Machine learning (ML) is the scientific study of Algorithms and statistical models that computer systems use to effectively perform a specific task without using explicit instructions, relying on patterns and inference instead. It is seen as a subset of artificial intelligence. Machine learning algorithms build a mathematical model based on sample data, known as "training data", in order to make predictions or decisions without being explicitly programmed to perform the task.
What is Machine learning
The Machine learning concept refers to computational methods that allow machines to organize big amounts of data to make either classes or predictions in an accurate way. The machine learning processes comprise complex algorithms or source codes that identify the data and find relations or patterns around it.
Machine learning is used in different sectors for various reasons. Trading systems can be calibrated to identify new investment opportunities. Marketing and e-commerce platforms can be tuned to provide accurate and personalized recommendations to their users based on the users’ internet search history or previous transactions 
Previous applications of machine learning to seismic reflection data focus on the detection of geologic structures, such as faults and salt bodies (e.g., Huang et al., 2017) and unsupervised seismic facies classification, in which an algorithm chooses the number and types of facies (e.g., Coléou et al ). Although early studies primarily used clustering algorithms to classify seismic data, recent studies focus on the application of artificial neural networks (e.g Huang et al.) in Zhao et al 
ML algorithms are being used in the Oil and Gas sector for various applications such as:
- facies classification
- Quantitative interpretation
- Geobody interpretation
- micro-seismic event detection
- velocity picking
- Image analysis of rock thin sections
- Seismic processing such as ground-roll noise attenuation
Although ML algorithms appeared decades ago, SEG members started publishing about them in the mid-90s. In 2019, in response to "the digital transformation of Oil and Gas" the AAPG, SEG & SPE decided to organize the first conference fully dedicated to the topic: "Energy in Data"
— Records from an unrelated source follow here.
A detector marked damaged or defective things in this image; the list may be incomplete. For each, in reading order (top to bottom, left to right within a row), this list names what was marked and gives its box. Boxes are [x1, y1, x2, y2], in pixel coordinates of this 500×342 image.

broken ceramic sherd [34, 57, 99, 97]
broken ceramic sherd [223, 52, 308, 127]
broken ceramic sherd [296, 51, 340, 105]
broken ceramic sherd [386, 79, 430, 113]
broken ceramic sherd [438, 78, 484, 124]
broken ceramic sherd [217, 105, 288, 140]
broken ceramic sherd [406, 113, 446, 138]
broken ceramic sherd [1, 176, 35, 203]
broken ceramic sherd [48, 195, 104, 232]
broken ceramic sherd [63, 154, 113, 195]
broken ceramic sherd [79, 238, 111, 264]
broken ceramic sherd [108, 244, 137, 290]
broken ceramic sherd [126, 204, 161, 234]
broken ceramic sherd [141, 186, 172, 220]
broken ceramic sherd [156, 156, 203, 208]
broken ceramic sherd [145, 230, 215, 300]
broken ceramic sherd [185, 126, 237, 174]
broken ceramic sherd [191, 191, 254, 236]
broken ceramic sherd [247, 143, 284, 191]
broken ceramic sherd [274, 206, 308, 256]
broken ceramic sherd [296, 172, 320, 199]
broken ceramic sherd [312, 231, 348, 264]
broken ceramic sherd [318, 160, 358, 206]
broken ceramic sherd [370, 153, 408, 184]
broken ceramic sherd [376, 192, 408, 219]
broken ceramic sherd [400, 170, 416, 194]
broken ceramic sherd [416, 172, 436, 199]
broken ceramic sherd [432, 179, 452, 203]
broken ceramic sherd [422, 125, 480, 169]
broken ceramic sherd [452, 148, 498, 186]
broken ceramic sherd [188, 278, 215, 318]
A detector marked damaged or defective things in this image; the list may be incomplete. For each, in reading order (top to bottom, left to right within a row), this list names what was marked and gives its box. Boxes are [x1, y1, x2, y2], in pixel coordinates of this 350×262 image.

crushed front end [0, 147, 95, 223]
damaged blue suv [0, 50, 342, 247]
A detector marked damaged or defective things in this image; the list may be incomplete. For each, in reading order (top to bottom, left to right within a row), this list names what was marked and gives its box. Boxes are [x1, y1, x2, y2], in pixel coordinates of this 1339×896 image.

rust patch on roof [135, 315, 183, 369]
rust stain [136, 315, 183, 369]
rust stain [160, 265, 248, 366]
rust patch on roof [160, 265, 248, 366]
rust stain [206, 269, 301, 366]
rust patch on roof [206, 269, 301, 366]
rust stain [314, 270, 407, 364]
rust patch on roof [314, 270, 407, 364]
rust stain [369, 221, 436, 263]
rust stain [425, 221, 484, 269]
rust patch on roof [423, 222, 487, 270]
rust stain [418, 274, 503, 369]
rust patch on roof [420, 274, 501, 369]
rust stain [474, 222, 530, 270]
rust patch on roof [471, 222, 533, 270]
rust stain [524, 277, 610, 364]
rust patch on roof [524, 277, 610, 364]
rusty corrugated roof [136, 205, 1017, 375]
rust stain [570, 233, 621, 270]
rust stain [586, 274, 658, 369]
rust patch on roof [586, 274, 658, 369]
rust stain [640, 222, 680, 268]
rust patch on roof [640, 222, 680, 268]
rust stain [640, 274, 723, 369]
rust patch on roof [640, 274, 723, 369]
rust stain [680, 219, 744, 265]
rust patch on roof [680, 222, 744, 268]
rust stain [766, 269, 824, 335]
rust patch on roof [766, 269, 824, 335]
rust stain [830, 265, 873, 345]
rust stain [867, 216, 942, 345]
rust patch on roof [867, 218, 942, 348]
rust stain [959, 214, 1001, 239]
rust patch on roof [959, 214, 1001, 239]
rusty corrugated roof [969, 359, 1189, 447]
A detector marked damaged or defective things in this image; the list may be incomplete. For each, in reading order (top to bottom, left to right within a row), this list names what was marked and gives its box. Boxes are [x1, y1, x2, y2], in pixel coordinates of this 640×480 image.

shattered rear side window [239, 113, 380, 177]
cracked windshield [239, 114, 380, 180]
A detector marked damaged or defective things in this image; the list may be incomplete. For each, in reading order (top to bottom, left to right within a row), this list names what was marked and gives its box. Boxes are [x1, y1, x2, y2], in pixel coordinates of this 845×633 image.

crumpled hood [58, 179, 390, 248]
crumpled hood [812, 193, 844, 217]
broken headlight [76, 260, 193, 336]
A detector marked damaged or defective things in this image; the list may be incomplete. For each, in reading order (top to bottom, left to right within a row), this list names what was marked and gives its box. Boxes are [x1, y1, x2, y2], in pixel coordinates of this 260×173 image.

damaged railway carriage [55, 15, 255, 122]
Generally, machine learning methods could be subdivided in two according to their end members, Unsupervised and supervised methods (Figure 1)
Unsupervised learning methods refer to those where information that is used to train has not been classified or labeled. In other words, the machine attempts to find similarities, patterns, or relations among the introduced inputs by deciphering hidden or intrinsic structures from the data and reduce dimensionality. We are in some sense working blind the term unsupervised is used because we lack a response variable that can supervise (or teach or evaluate) our analysis . In this methods, error is difficult to determine. Some examples of Unsupervised learning techniques are:
- Association mining
Supervised machine learning methods, also known as feeding forward methods  are those where inputs and outputs are already known. Therefore, the models are trained to predict a somehow known result data. The goal is to fit a model that relates response to predictors for accurately predicting the response of other observations or understanding the relationship between the response and the predictors (inference) .The evaluation of these method relies on error measures (e.g., MSE, misclassification rate, expected loss, Confusion matrix). Some examples of Supervised learning techniques are:
- Decision trees
- Linear regression (OLS, PLS, ridge, lasso, elastic net)
- Logistic regression (including penalized variants)
- Support Vector machine
Machine learning methods can be subdivided in a number of ways: algorithm architecture, loss function, learning style, label data type, and so on. However, for readers new to machine learning, it is simplest to categorize machine learning by the data set you have (inputs) and by the kind of data you want to end with (outputs). Figure 2 illustrates machine learning categorized by the kinds of problems commonly solved by geophysicists. 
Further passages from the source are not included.